Notebook

Artificial Intelligence

Lesson 3

Applying Regression

Linear Regression Logistic Regression Polynomial Regression

OVERVIEW

This lesson takes the content from lessons 6 through 8 and guides you through a practical application of Linear, Logistic, and Polynomial Regression.

LINEAR REGRESSION

Lets take a look at some data, ask some questions and use linear regression to solve said questions.

In [ ]:

# imports
import numpy as np
from sklearn import linear_model
import matplotlib.pyplot as plt
import pandas as pd

# this allows plots to appear directly in the notebook
%matplotlib inline

# read data into a DataFrame and verify contents
data = pd.read_csv('./goog.csv')
data.head(3)

Now that we have our dataset, lets split the dates and prices into their own frames.

In [ ]:

# create a dataframe for the dates
# select the days only from the Date column using a for loop
dates = [int(i.split('-')[0]) for i in np.array(data)[:,0]]

# create a dataframe for the open prices
# select the data in the Open column
prices = np.array(data)[:,1]

# create a dataframe for the high prices
# select the data from the High column
high = np.array(data)[:,2]
# select the data from the Prices column
prices = np.array([prices]).T
# select the data from the Dates column
dates = np.array([dates]).T

#high = np.array([high]).T
#prices = np.hstack((price, high))

#print(dates)
#print(prices)
#print(high)

With our price and date data split, we can now create functions to simplify the process.

The first function will be for predicting the price of a stock on day 'x'.

In [ ]:

# define a function for predicting the price
# given the dates and prices in a dataframe 
# and a day value represented as x
def predict_price(dates, prices, x):
    # initialize the linear regression model
    linear_mod = linear_model.LinearRegression()
    # fit the data to the model
    linear_mod.fit(dates, prices)
    # store the result of linear prediction at value x
    predicted_price = linear_mod.predict(x)
    # return the predicted price, linear coefficient, and the intercept
    return predicted_price, linear_mod.coef_, linear_mod.intercept_

Next, in order to properly show the variation in our methods, let's create a function for plotting our data points.
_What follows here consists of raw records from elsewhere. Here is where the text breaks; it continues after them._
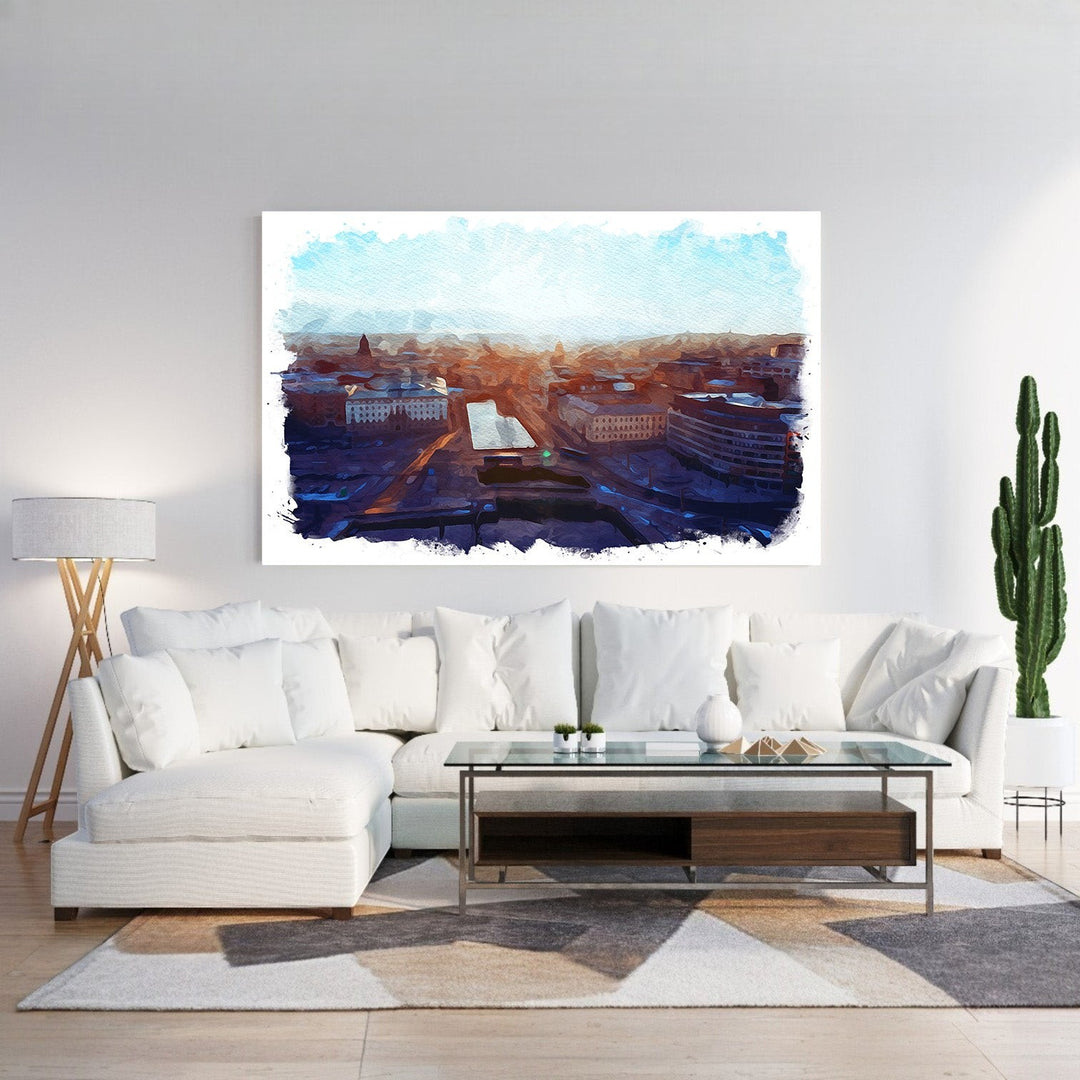 Wadi Home Cityscape Sunrise Watercolor Wall Art featuring a vibrant watercolor painting of a city at dawn with warm oranges and deep blues.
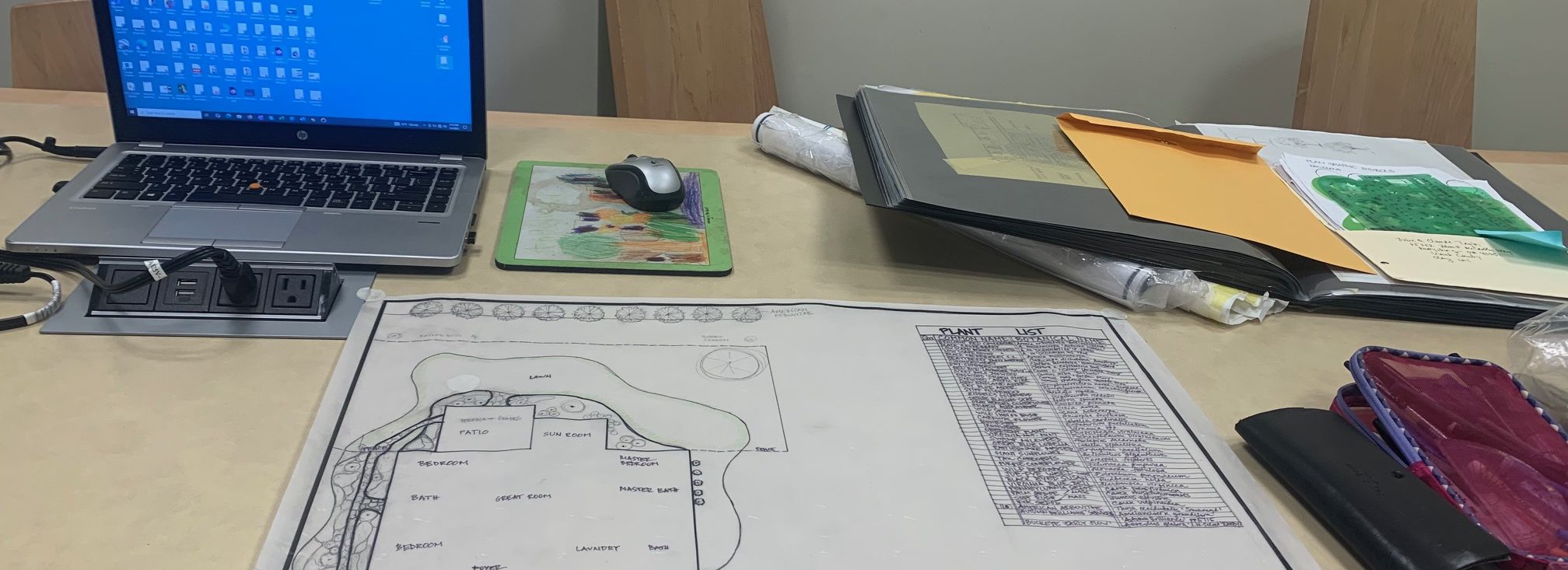 Landscape design consultation table with a site plan, plant list, and laptop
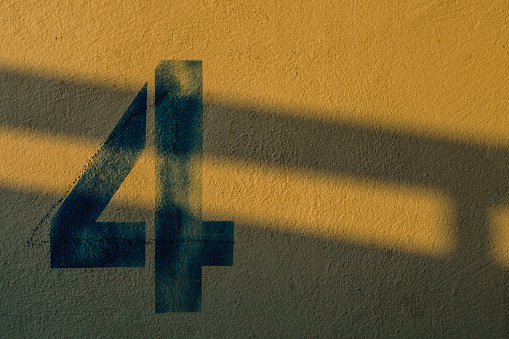 the number 4 on the wall under the shadow of the lights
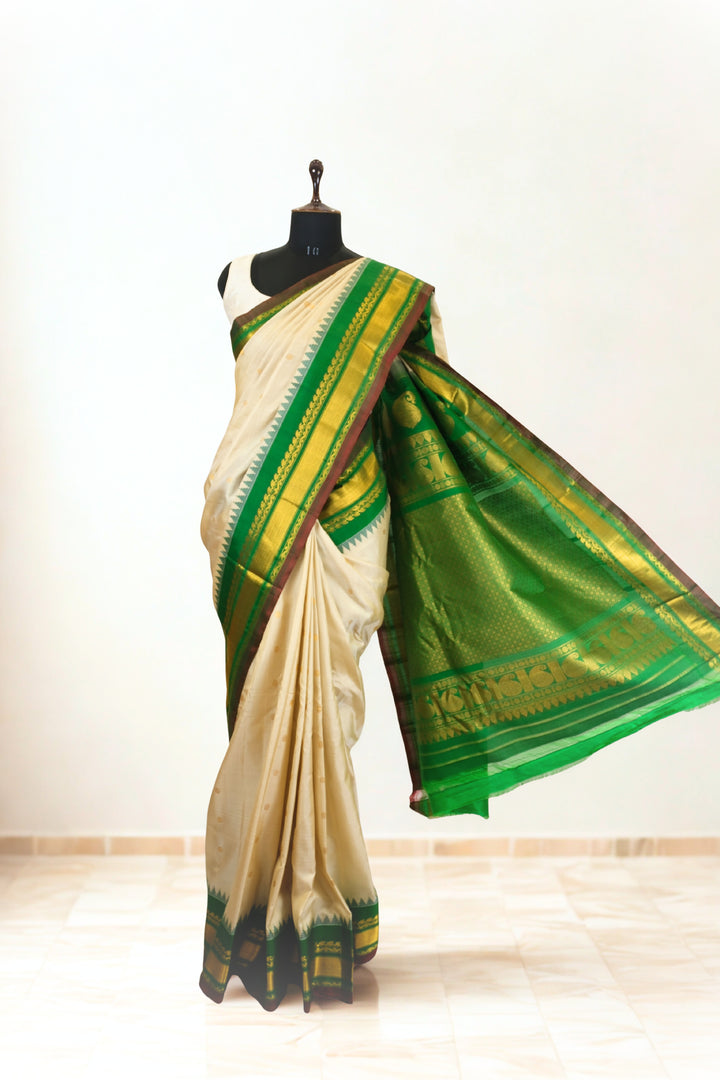 Offwhite silk gadwal saree with temple border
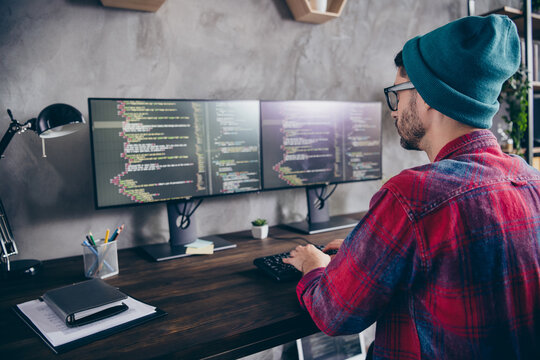 Photo of busy confident guy dressed eyewear hat writing code modern device indoors workstation workshop home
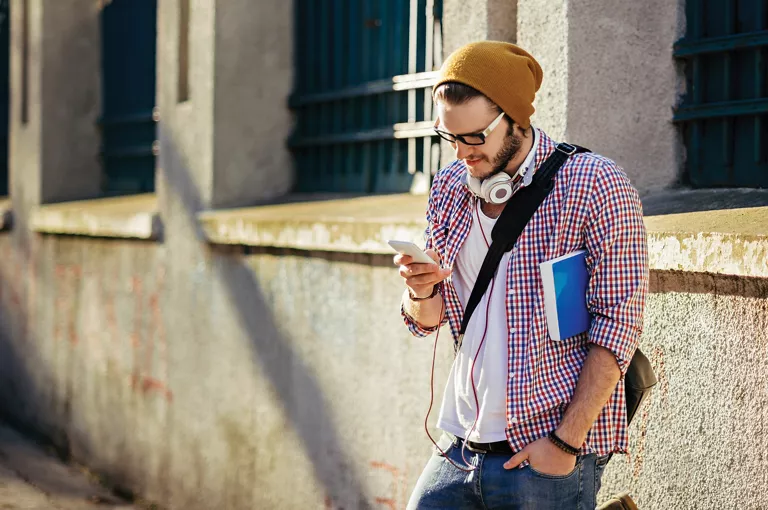 Male with headphones and smartphone outdoors
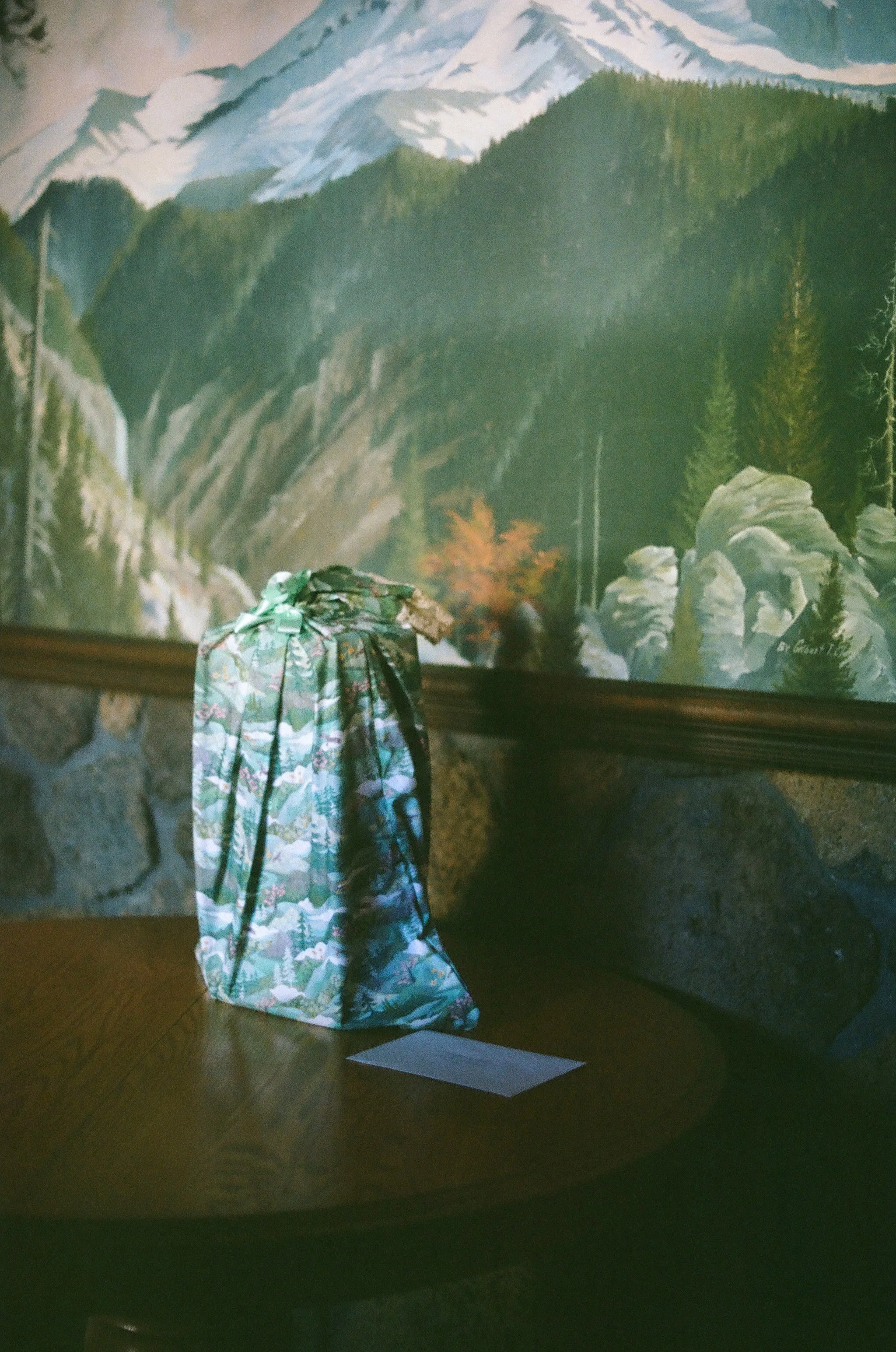 A gift wrapped in floral paper with a ribbon, placed on a wooden table in front of a mountain landscape painting.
The second function will be for displaying a visualized plot of our data and prediction.

In [ ]:

# define a function for displaying a plot given
# the dates and prices data as X and Y values
def show_plot(dates, prices):
    # initialize the linear regression model
    linear_mod = linear_model.LinearRegression()
    # fit the submitted data to the model
    linear_mod.fit(dates, prices)
    # mark the scatter points using the dates and prices as X and Y values
    plt.scatter(dates, prices, color='lime')
    # plot the line of best fit using our model prediction
    plt.plot(dates, linear_mod.predict(dates), color='blue', linewidth=3)
    #display the model
    plt.show()
    return

With our functions in place let's test them!

In [ ]:

# display the result of the predict_prices function
# pass the function the dates, prices, and an x value
predict_price(dates, prices, 39)

Now let's view our plot.

In [ ]:

# display the result of the show_plot function
show_plot(dates, prices)

LOGISTIC REGRESSION

For this practical example we will be using a prepared dataset provided by sklearn's 'datasets' class.

The dataset we will be using is called 'iris'. The goal for this example is to predict the target value by using the feature values.

In [ ]:

# import required libraries
import numpy as np
import matplotlib.pyplot as plt
import pandas as pd
from sklearn import linear_model, datasets

This enables us to simply load a dataset by calling a simple function that returns a 'bunch' of data - quite literally.

A 'bunch' is similar to a data-dictionary, as it provides attributes for our dataset, mainly:

‘data’, the data to learn

‘target’, the classification labels

‘target_names’, the meaning of the labels

‘feature_names’, the meaning of the features

‘DESCR’, the full description of the dataset

In order to build our new dataframe - we will need to extract the data and the target!

The code below will load the iris* dataset's bunch of data so we can then store it in a dataframe.*

iris = datasets.load_iris()

Click the link below to learn more about this command and the other datasets:

Documentation

With the above in mind, let's get the iris dataset bunch so we can turn it into a dataframe using pandas' 'DataFrame()' function.

In [ ]:

# import some data to play with using sklearn's datasets.load_iris() function
iris = datasets.load_iris()
# display the chunk feature names or description
print(iris.feature_names)

# use pandas to combine the data with the target
# define the column/feature names for our new dataframe
df = pd.DataFrame(np.c_[iris.data, iris.target], columns = ["Sepal Length", "Sepal Width", 
                                                            "Petal Length", "Petal Width", 
                                                            "Class"])
# verify successful creation of the dataframe
#df.head()

It is always good practice to verify your data before continuing to the next step!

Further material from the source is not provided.